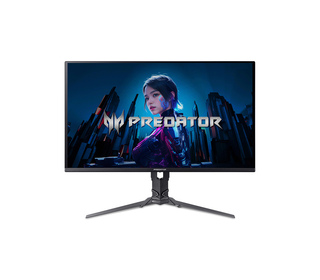 Acer Predator X27 X27UW3BMIIPRX 26.5" QD-OLED Quad HD 0,03 ms Noir
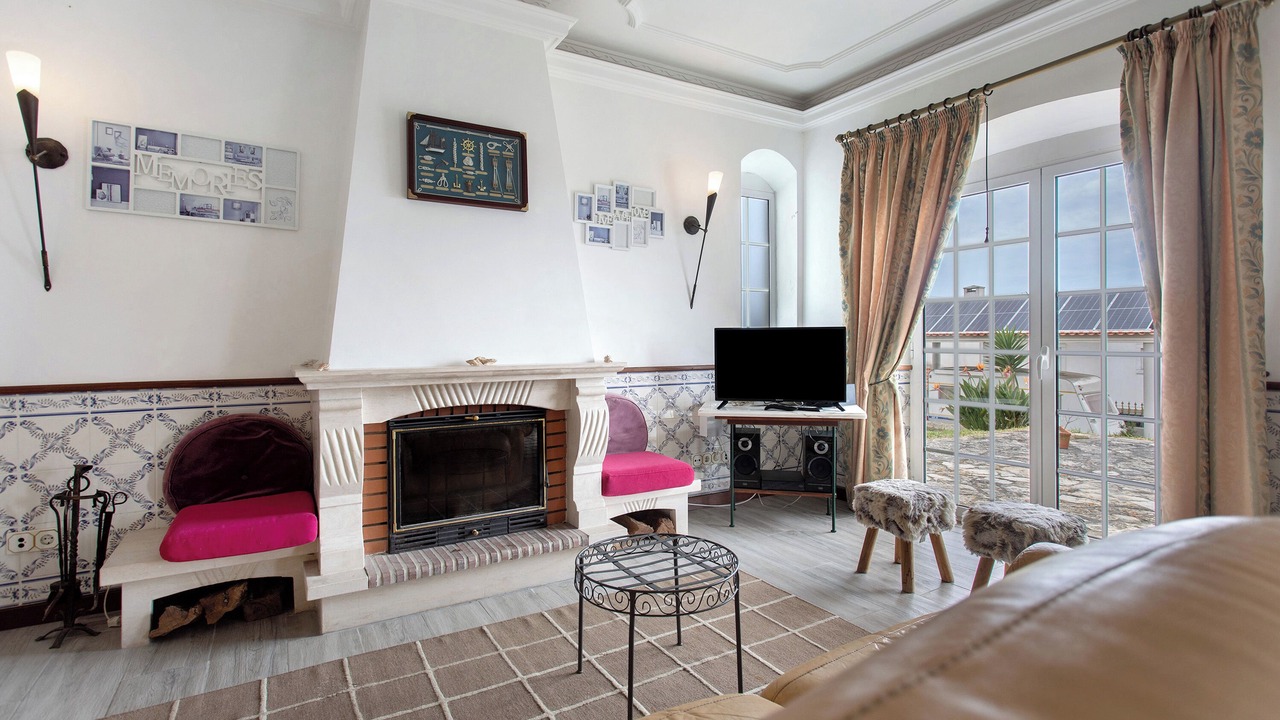 Photo of Livingroom in Lourinha
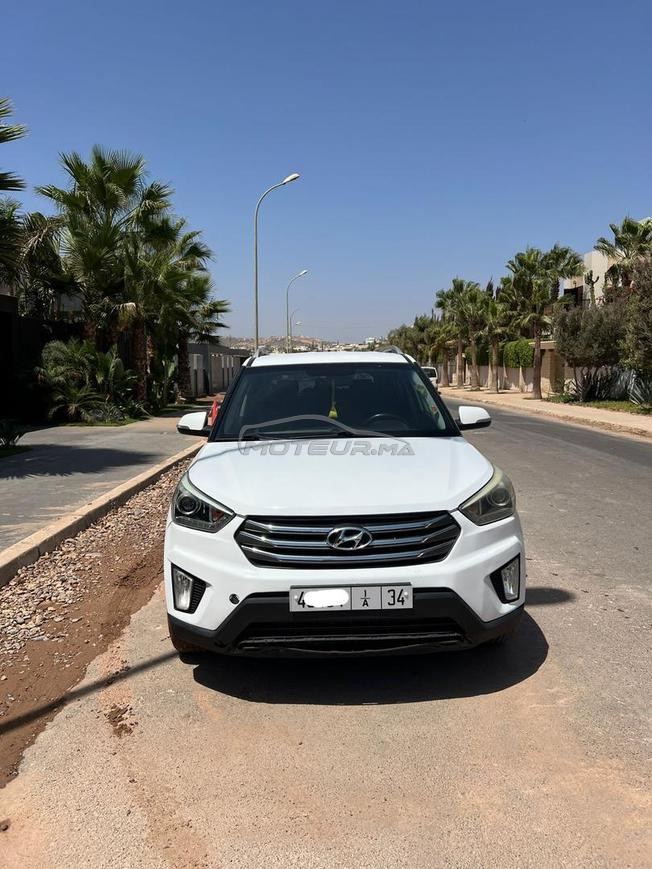 hyundai creta 2016 (1er main)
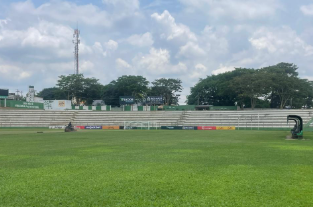 Estadio do Rio Preto e destaque no programa Gramado Paulista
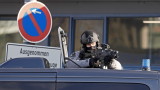 Броят на загиналите при терора в Страсбург достигна трима души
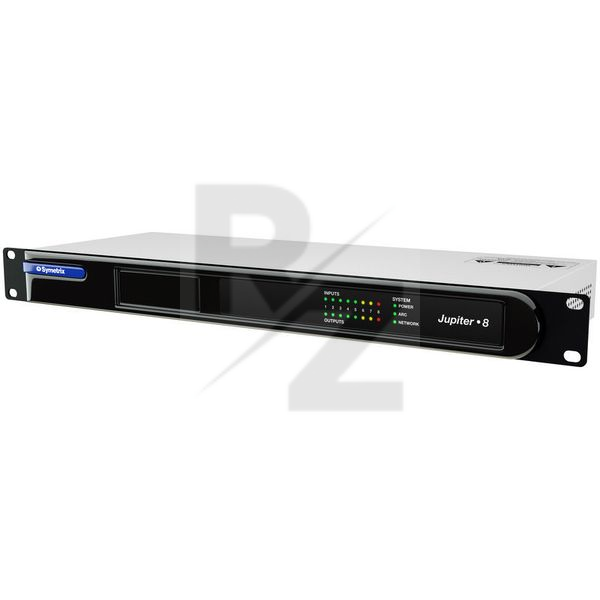 Image Symetrix Jupiter 8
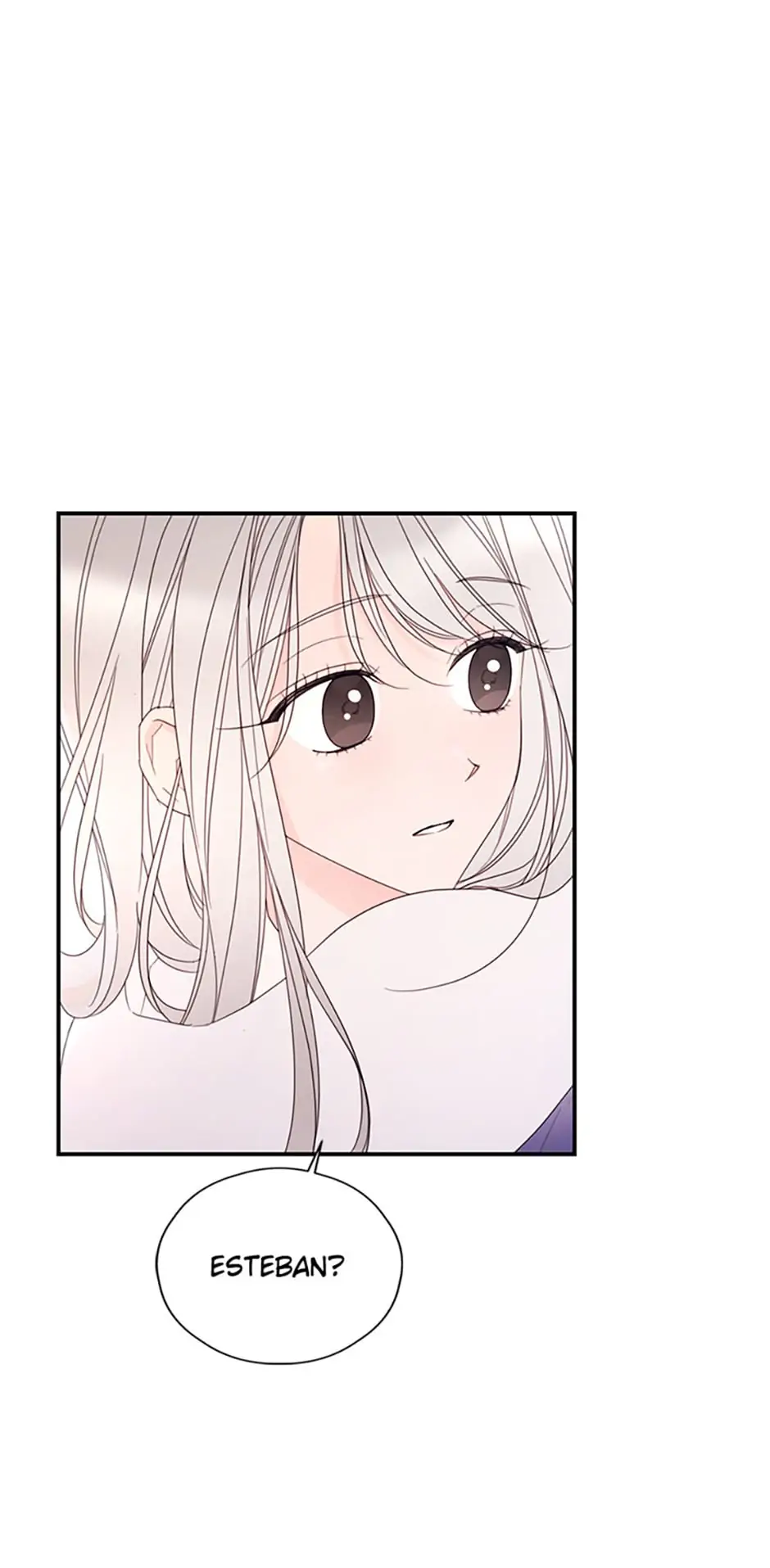 I Will Live as a Supporting Role in This Life chapter 30 page 1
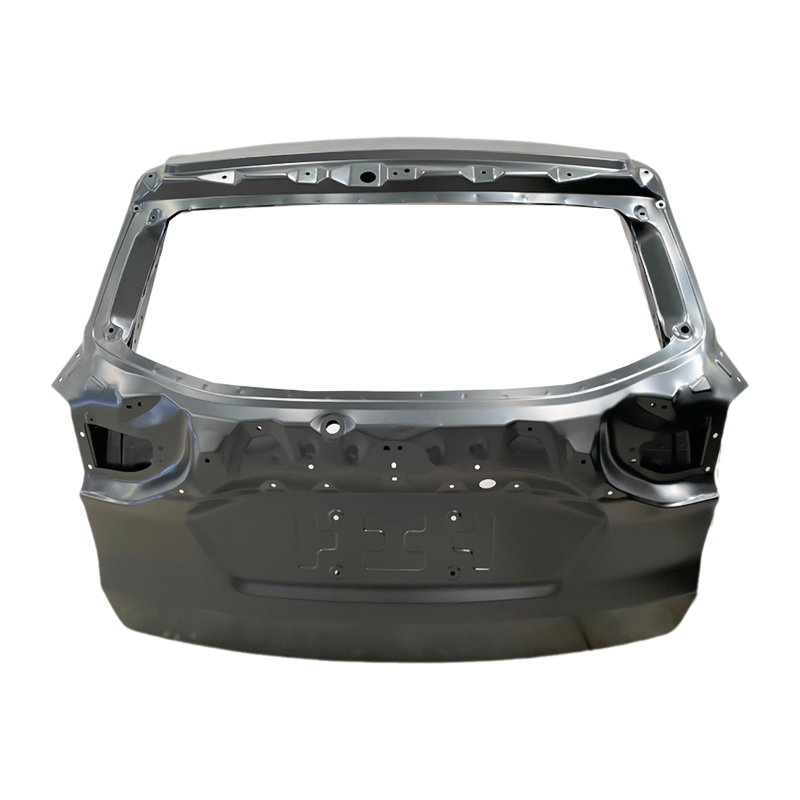 درب صندوق عقب CHANGAN CS55 PLUS 22 با پنجره عقب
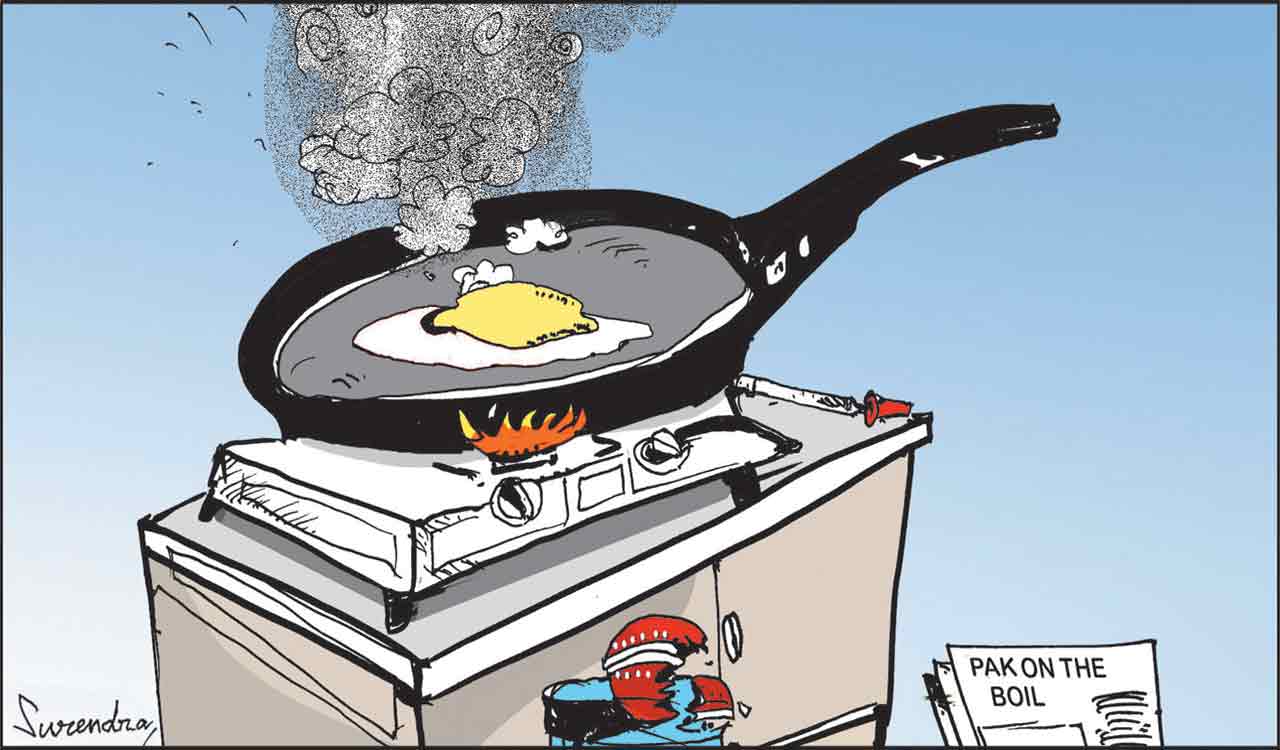 Cartoon: May 12, 2023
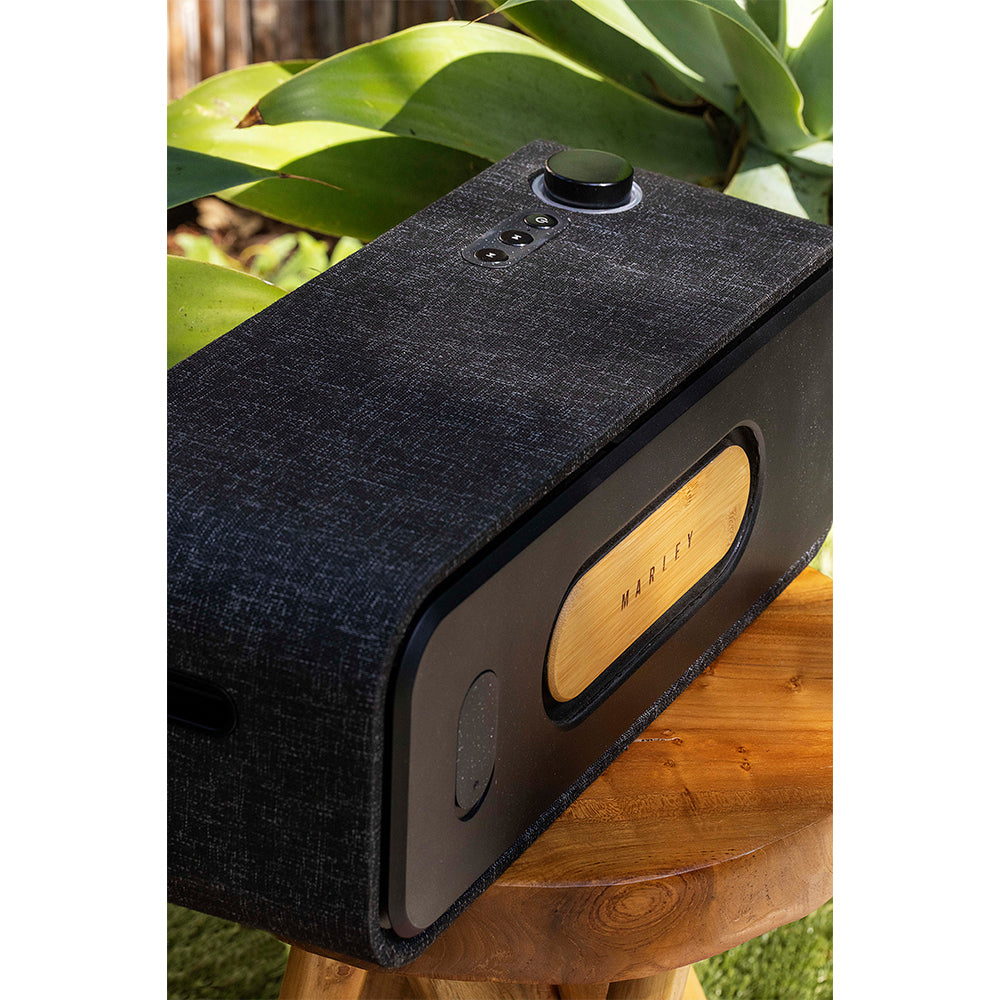 Marley Get Together 2 XL Portable Bluetooth Wireless Speaker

> [Task instructions]
The full material above must be output verbatim, minus any pictures.

> [Completed exercise]
 Acer Predator X27 X27UW3BMIIPRX 26.5" QD-OLED Quad HD 0,03 ms Noir
 Photo of Livingroom in Lourinha
 hyundai creta 2016 (1er main)
 Estadio do Rio Preto e destaque no programa Gramado Paulista
 Броят на загиналите при терора в Страсбург достигна трима души
 Image Symetrix Jupiter 8
 I Will Live as a Supporting Role in This Life chapter 30 page 1
 درب صندوق عقب CHANGAN CS55 PLUS 22 با پنجره عقب
 Cartoon: May 12, 2023
 Marley Get Together 2 XL Portable Bluetooth Wireless Speaker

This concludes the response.